If you’ve been following my blog and twitter, you’ll have noticed I am gaining more interest in the research that underpins our practice as teachers, particularly around memory. My latest find is perhaps not as powerful as some of the other research available, but is something to consider nonetheless.
- Have you ever been in a meeting and doodled on the agenda?
- Have you ever had feedback from an observer saying that learners weren’t learning as they were doodling on their notepads?
- Have you ever been bored in a lecture and doodled in your margins?
Well you may be surprised to hear that doodling can actually improve short term memory and concentration!
Research conducted by Andrade examined 40 participants in a monotonous mock telephone message for the names of people coming to a party. Half of the group was randomly assigned to a ‘doodling’ condition where they shaded printed shapes while listening to the telephone call. The doodling group performed better on the monitoring task and recalled 29% more information on a surprise memory test.

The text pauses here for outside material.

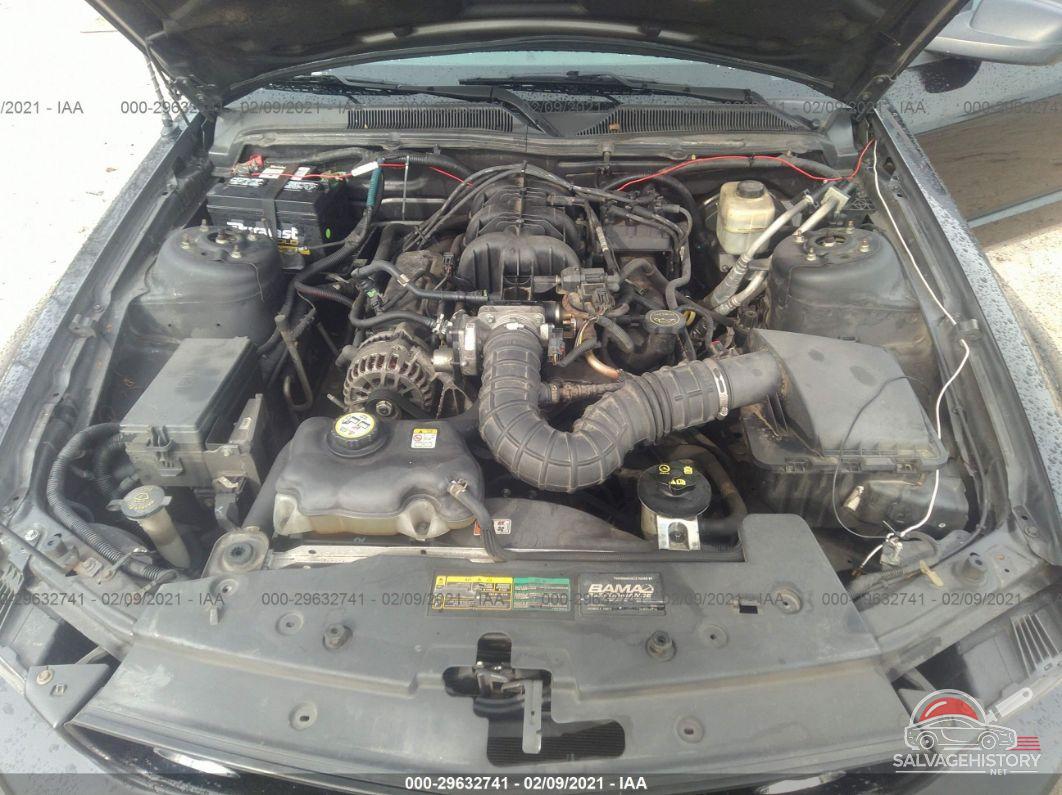 1ZVHT80NX85125264 2008 FORD MUSTANG photo no. 10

Look, I’m under no illusion that the small number of participants and the method of assessing concentration and short term memory is open to criticism, but it’s worth noting this:
Just because someone is doodling whilst information is being shared with them, it doesn’t mean that they’re not learning – equally, it doesn’t mean that they are. But at least if anyone challenges you about your own, or your learners doodling, then you can point them in the direction of this.